Opposition wants thorough audit of elections technology
Kenya set for repeat presidential election on October 17
The conditions include replacing personnel at the Independent Electoral & Boundaries Commission who “abetted fraud” and live media coverage of results declarations at the country’s 290 constituency tallying centers, National Super Alliance co-leader Musalia Mudavadi told reporters Thursday in the capital, Nairobi.
Kenya’s Supreme Court on Sept. 1 annulled the Aug. 8 presidential vote, in which President Uhuru Kenyatta was declared the winner, after finding there were “irregularities and illegalities” in the process. The ruling marked the first time an African court overturned the results of a presidential election. The rerun, set for Oct. 17, has increased uncertainty in East Africa’s biggest economy as it clouds the outlook for the country, where growth is already slowing.
Mudavadi said the commission is failing to acknowledge that court had found it culpable. The opposition won’t accept the printing of ballots by Dubai-based Al Ghurair Printing & Publishing, whose contract for last month’s vote was challenged in court before finally being allowed.
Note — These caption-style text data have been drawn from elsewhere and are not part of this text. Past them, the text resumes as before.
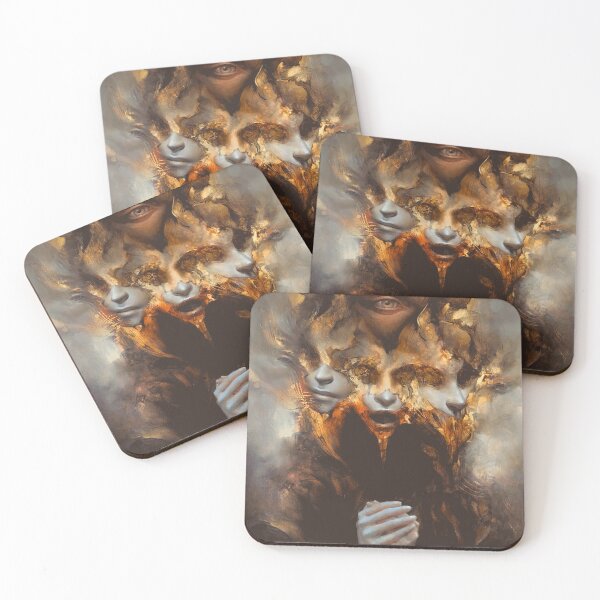 Item preview, Surreal Woman with Fragmented Faces designed and sold by VanessaLemen.
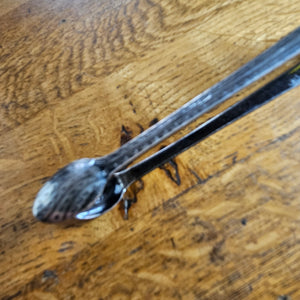 Brightcut Sterling Silver Sugar Nips or Tongs with a Heraldic Animal Crest Antique Georgian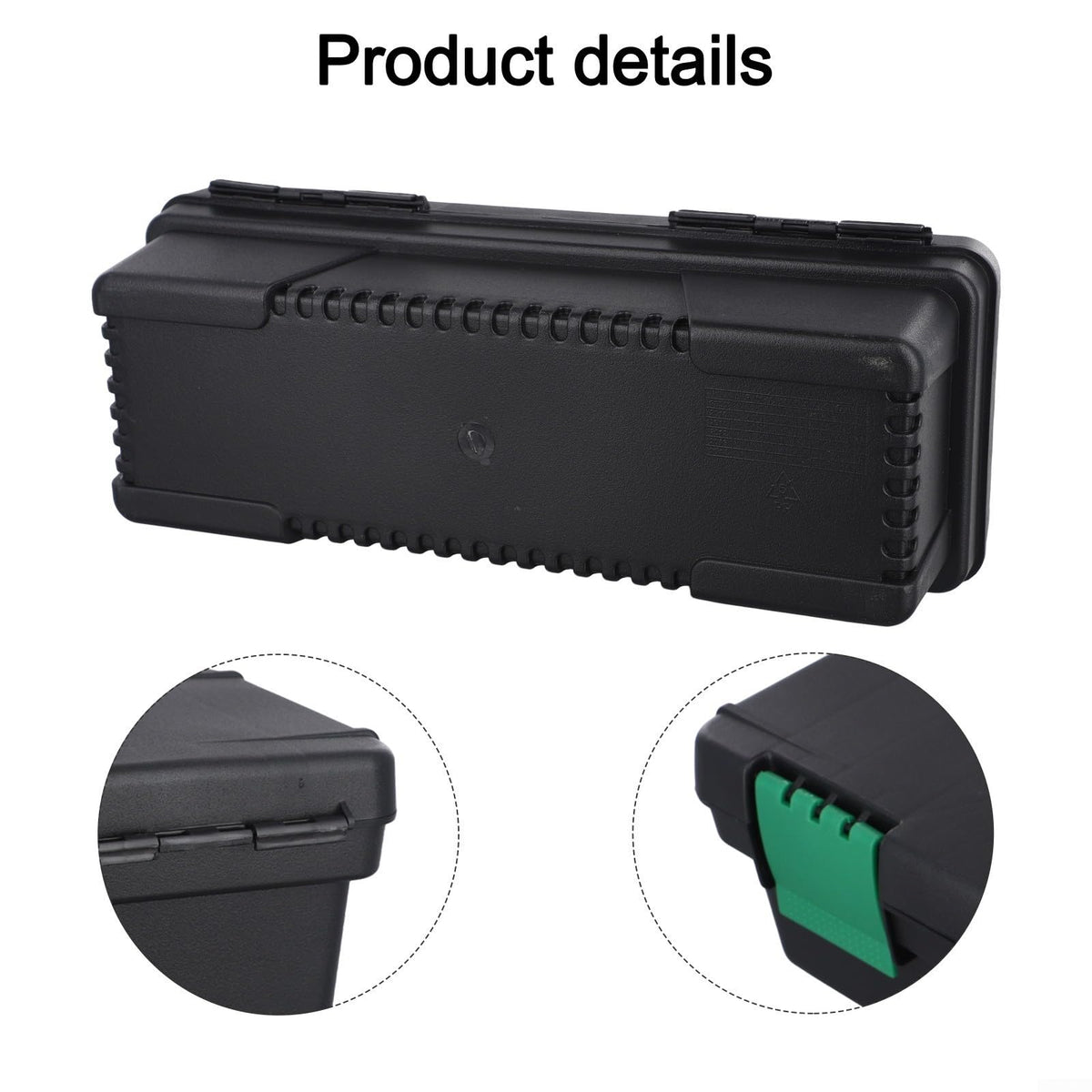 10 Inch Black PP Storage Case with Secure Lock Buckle F562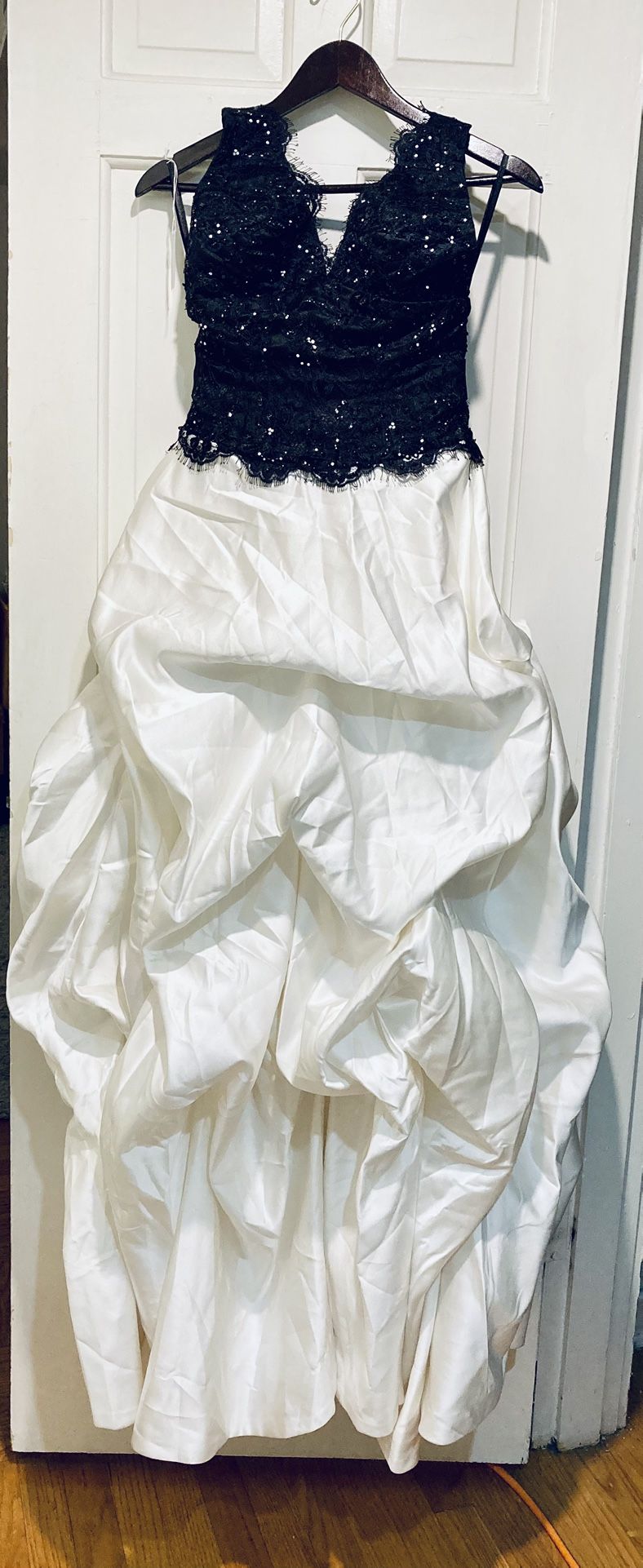 NEW Black and White Formal Dress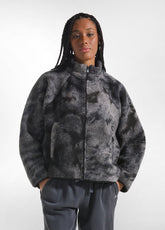 BLACK MALTINTO EFFECT TEDDY JACKET - Jacket - Outlet | DEHA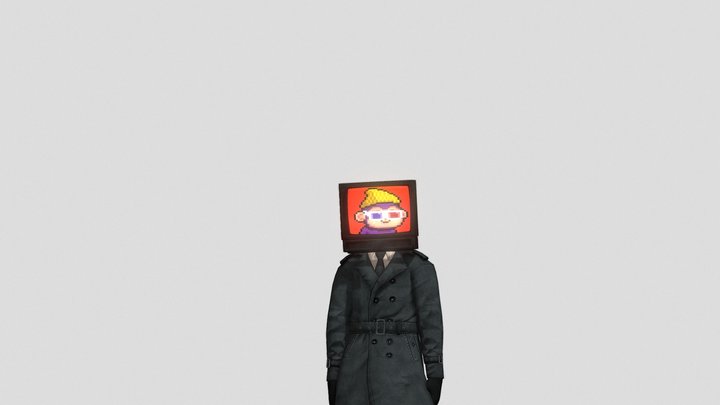 tv_man 3D Model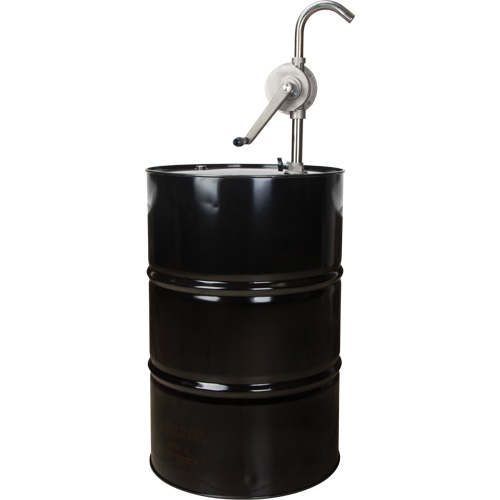Rotary Type Drum Pump, Stainless Steel, Fits 55 Gal., 12 oz./Stroke Southpoint Industrial Supply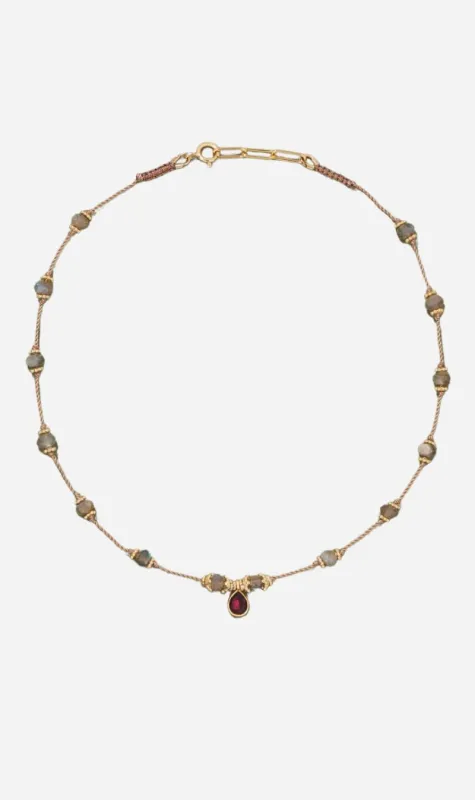 Tityaravy | Tanza Necklace - Labradorite sold by Sister & Co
Mudavadi shared a letter he said had been sent to IEBC chairman Wafula Chebukati that called for the “thorough, independent transparent end-to-end audit and quality assurance” of elections-technology systems before the vote.
“The commission wants to proceed as if the illegalities and irregularities never happened and as if it were never indicted by the same Supreme Court,” he said. “We see no evidence that the commission is making a good faith effort to conduct a fresh election that fulfills the letter and spirit of the judgment.”
A European Union observer mission on Thursday also urged the electoral body to allow independent scrutiny of its computer servers and technology systems to help guarantee the rerun is fair and credible.
The opposition alliance, led by Raila Odinga, has threatened to call supporters onto the streets to prevent the rerun from taking place if the chief executive officer of the commission refuses to step down.
The commission on Monday signaled it won’t change its executive body, announcing that “one team with a common vision” will handle the election, with CEO Ezra Chiloba being charged with assessing the “implementation challenges” in August’s vote.